-- Required action --
Give the records again word for word. Leave every picture out.

-- Extracted entries --

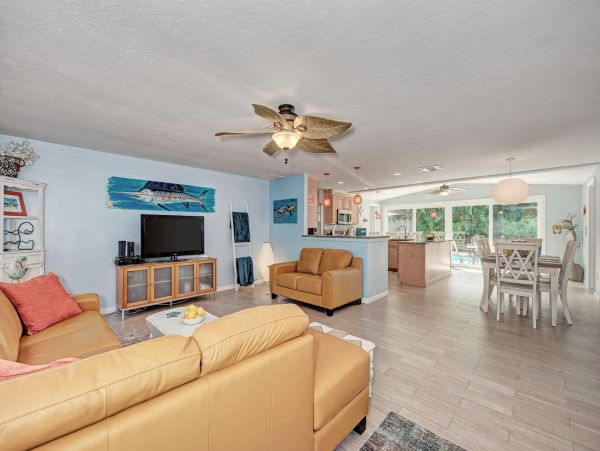 Holmes Beach Vacation Home Private Pool Short Walk to Beach
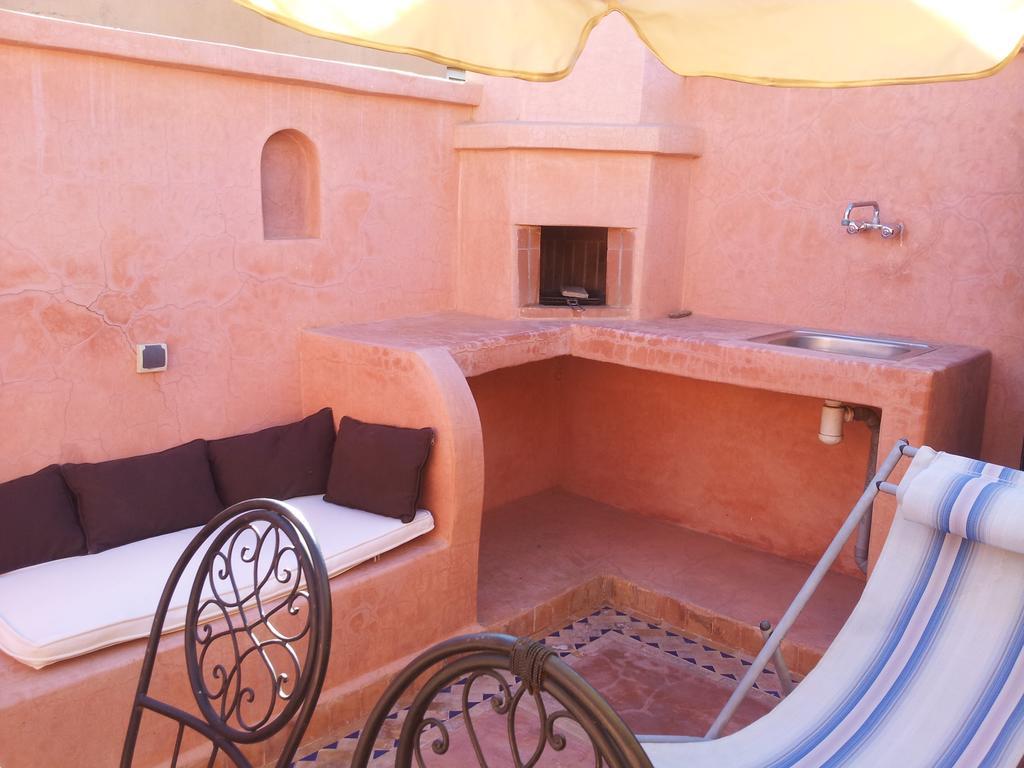 Riad Les Portes De La Medina Маракеш Екстериор снимка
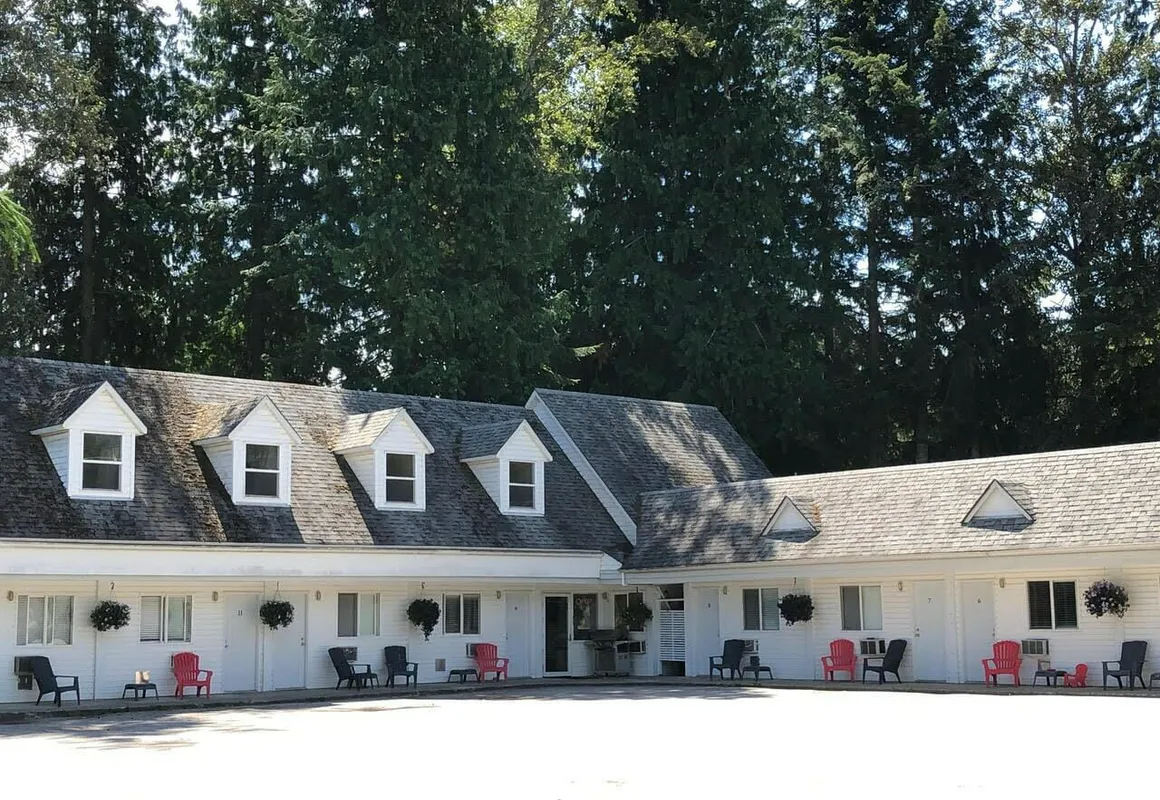 Pines Motel hotel hero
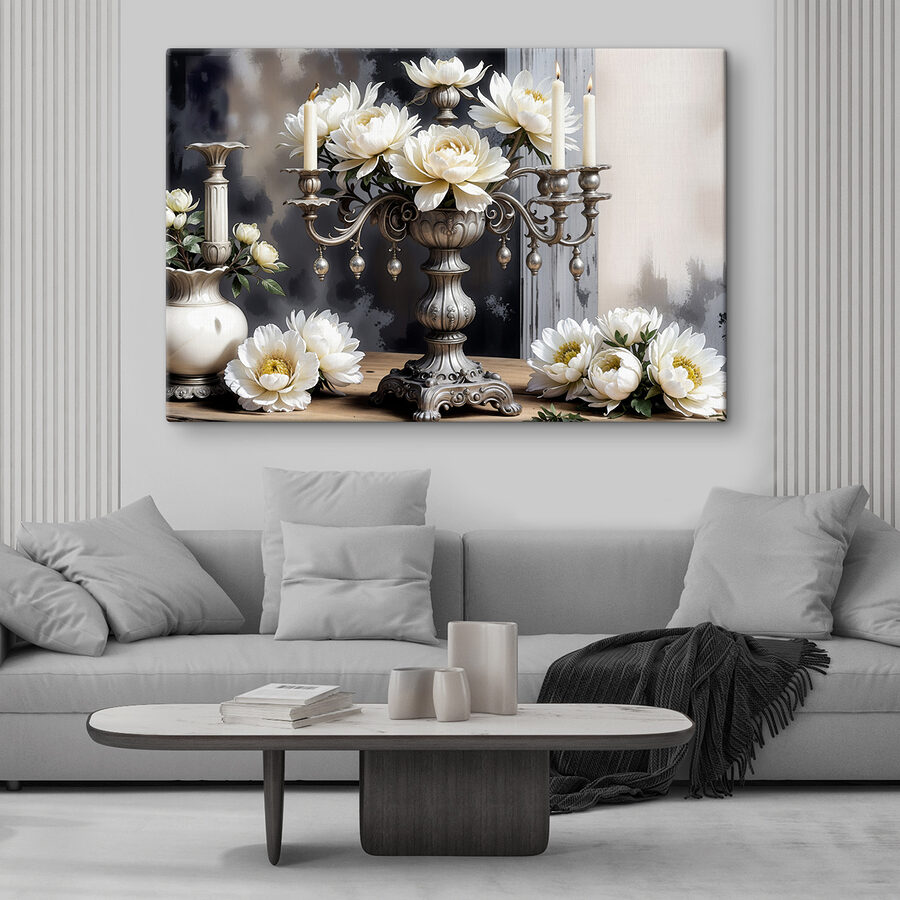 Un candélabre en argent avec des fleurs blanches Un candélabre en argent avec des fleurs blanches
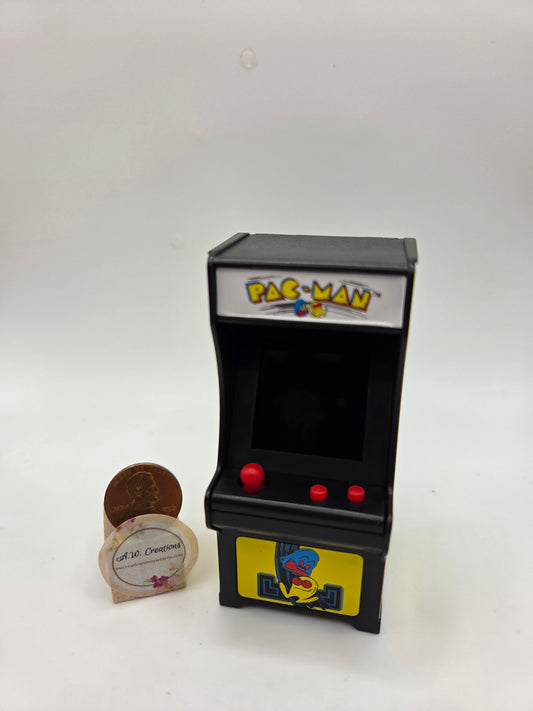 Mini PacMan Arcade 1:24 Scale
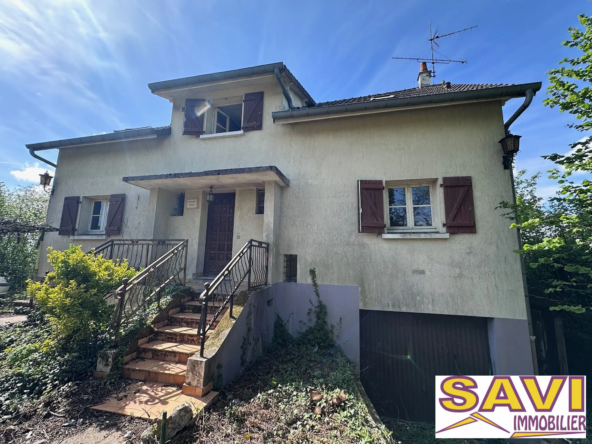 Maison à rénover avec piscine sur terrain de 1291 m² à Fontenay-sur-Loing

-- Response below --
 Holmes Beach Vacation Home Private Pool Short Walk to Beach
 Riad Les Portes De La Medina Маракеш Екстериор снимка
 Pines Motel hotel hero
 Un candélabre en argent avec des fleurs blanches Un candélabre en argent avec des fleurs blanches
 Mini PacMan Arcade 1:24 Scale
 Maison à rénover avec piscine sur terrain de 1291 m² à Fontenay-sur-Loing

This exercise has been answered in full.